2025-05-16 01:01:16.177264: I tensorflow/core/common_runtime/pluggable_device/pluggable_device_factory.cc:271] Created TensorFlow device (/job:localhost/replica:0/task:0/device:GPU:0 with 0 MB memory) -> physical PluggableDevice (device: 0, name: METAL, pci bus id: <undefined>)


In [5]:
from tensorflow.keras.models import Sequential
from tensorflow.keras.layers import Embedding, LSTM, Dense, Bidirectional

# build RNN model
model = Sequential()
model.add(Embedding(input_dim=tokens, output_dim=128, input_length=50))
model.add(Bidirectional(LSTM(64)))
model.add(Dense(1, activation='sigmoid'))

# train and compile on training set
model.compile(optimizer='adam',
              loss='binary_crossentropy',
              metrics=['accuracy', 'AUC'])
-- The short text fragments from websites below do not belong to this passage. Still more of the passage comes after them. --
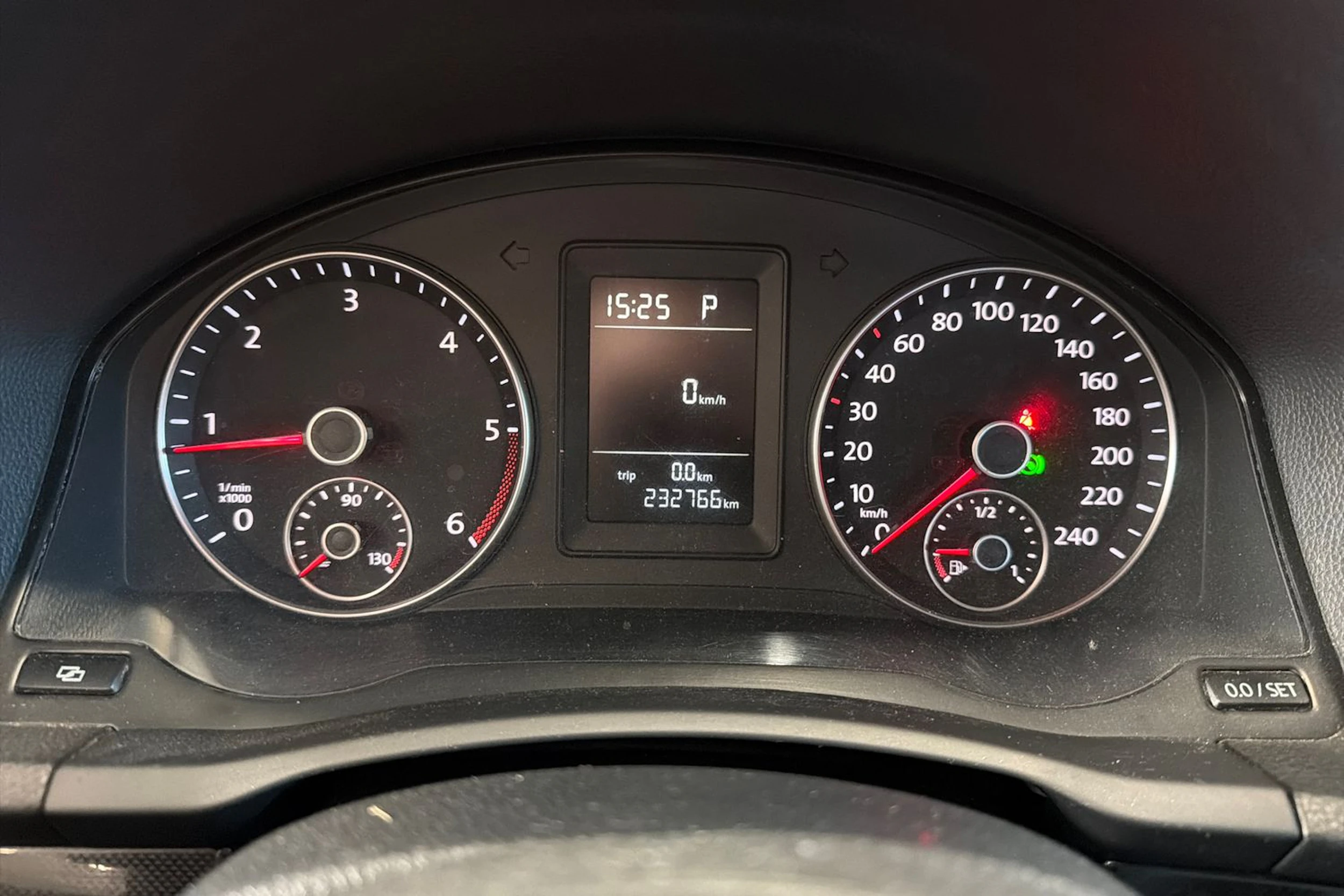 punainen Volkswagen Jetta 2010 kuva 13.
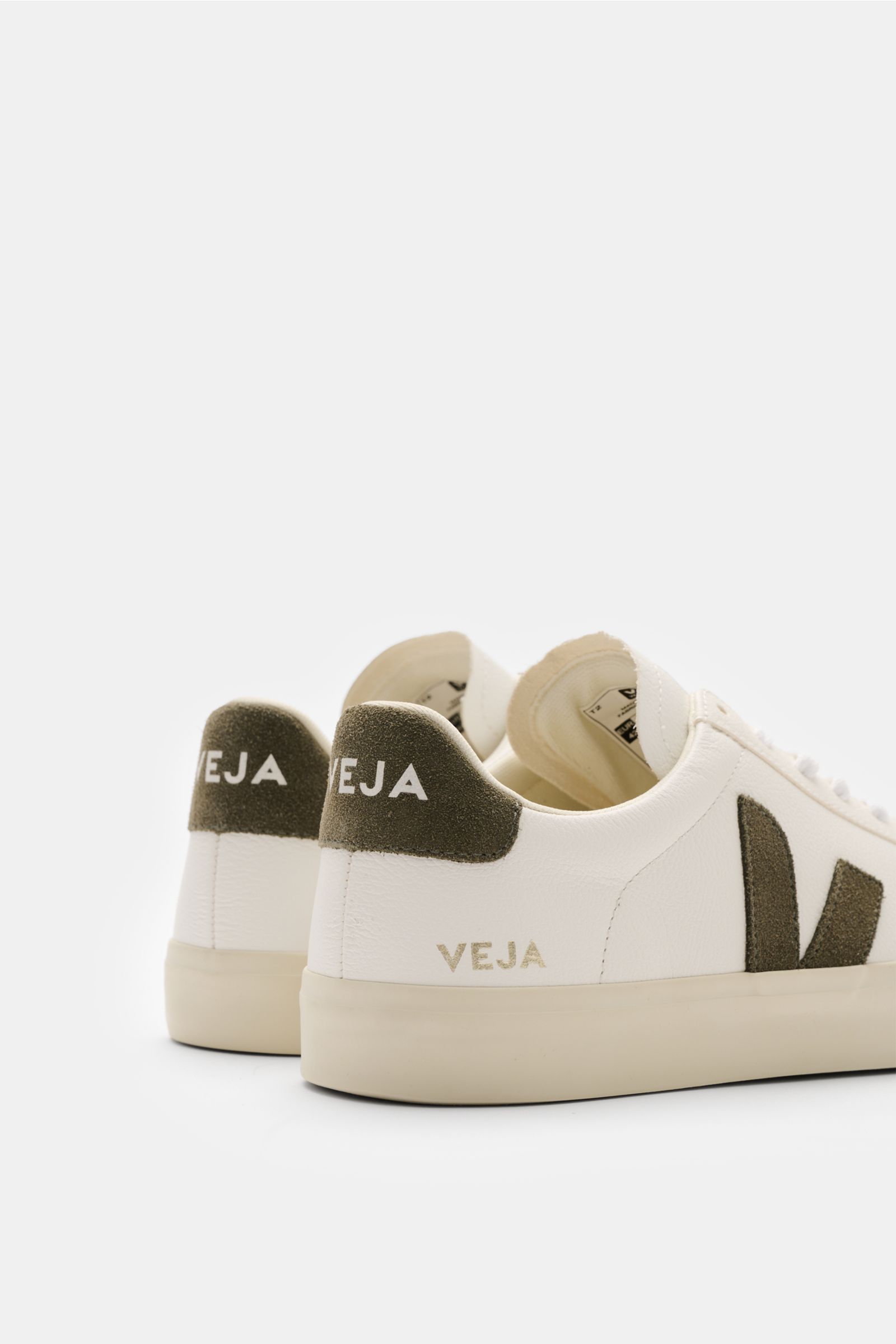 Veja Sneaker 'Campo' weiß/graugrün shown from rear-side angle, minimalist design, finely grained leather, round toe, seven-hole lacing, V-shaped overlays, padded collar with logo, gold VEJA embossing, textile lining, flexible rubber sole, sustainable Fren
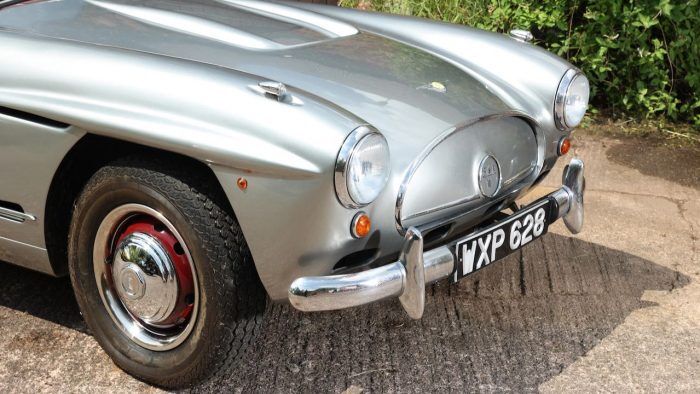 Jensen 541R Coupe 1959 Detalle 1 700x394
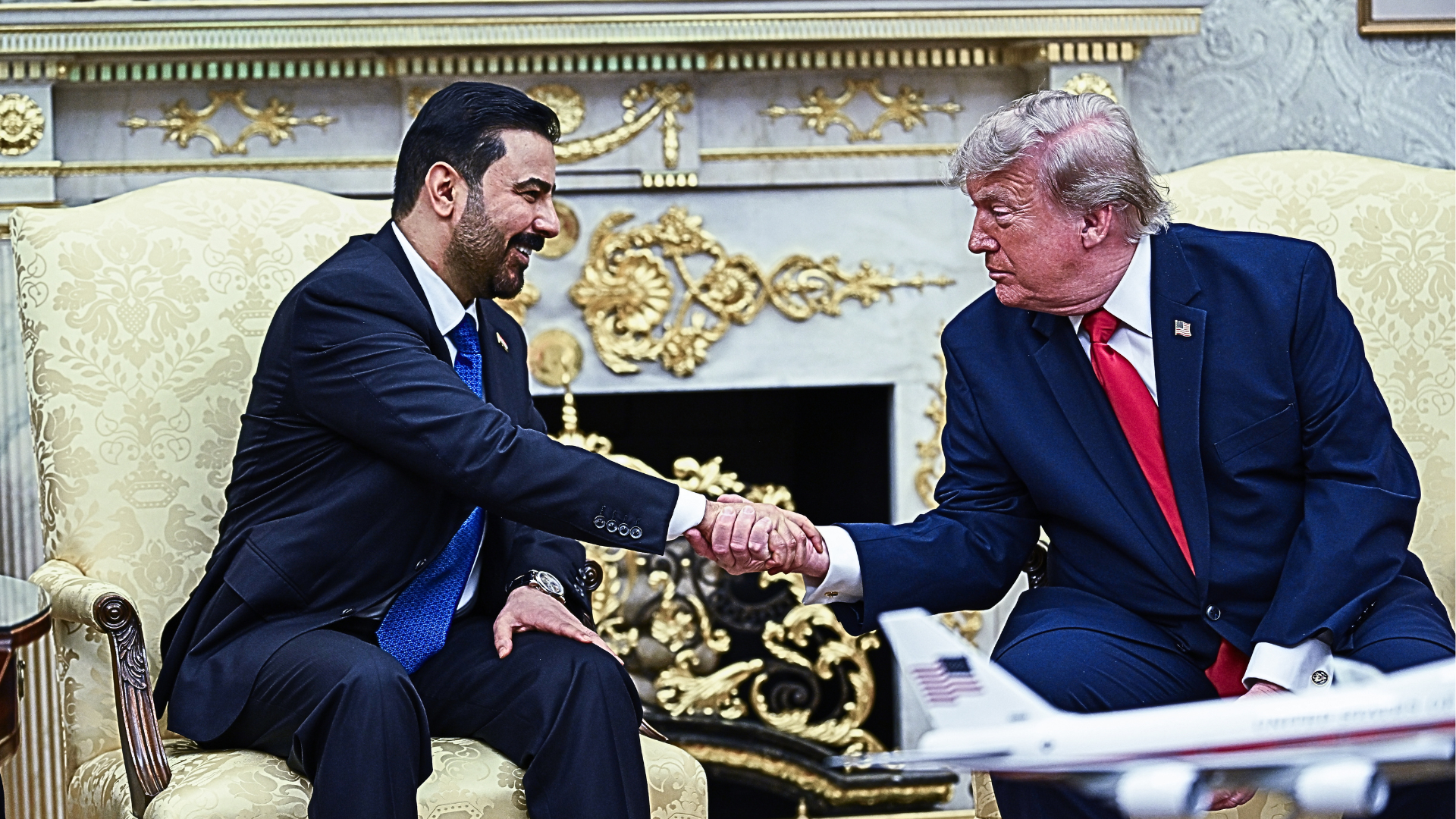 Trump junto al primer ministro de Irak, Ali al-Zaidi | Foto: EFE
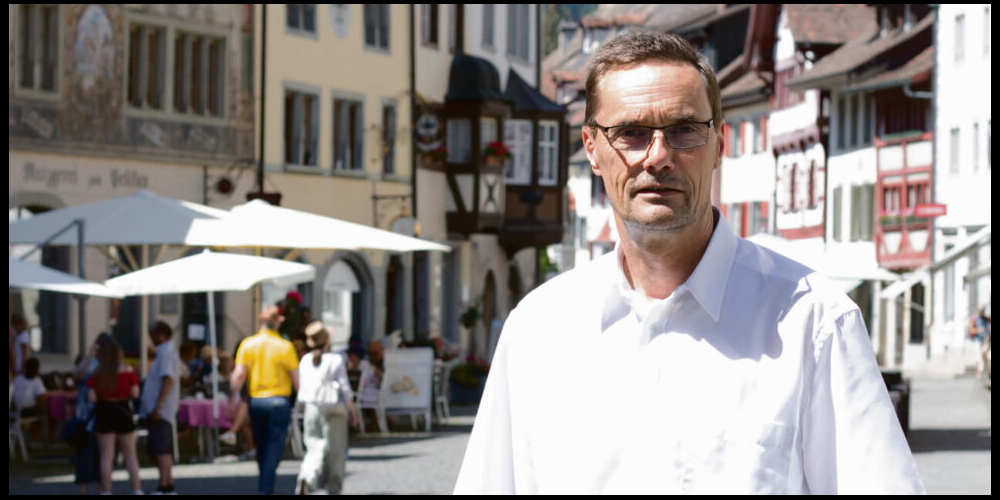 Musste sich am Anfang seiner Amtszeit den Respekt der Gegnerinnen und Gegner erkämpfen: Sönke Bandixen in der Steiner Altstadt.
model.fit(xTrainTokens, yTrain, batch_size=64, epochs=5, validation_data=(xTestTokens, yTest))

# evaluate the model and its performance
model.evaluate(xTestTokens, yTest)
model.summary()



Epoch 1/5


2025-05-16 01:01:26.689934: I tensorflow/core/grappler/optimizers/custom_graph_optimizer_registry.cc:117] Plugin optimizer for device_type GPU is enabled.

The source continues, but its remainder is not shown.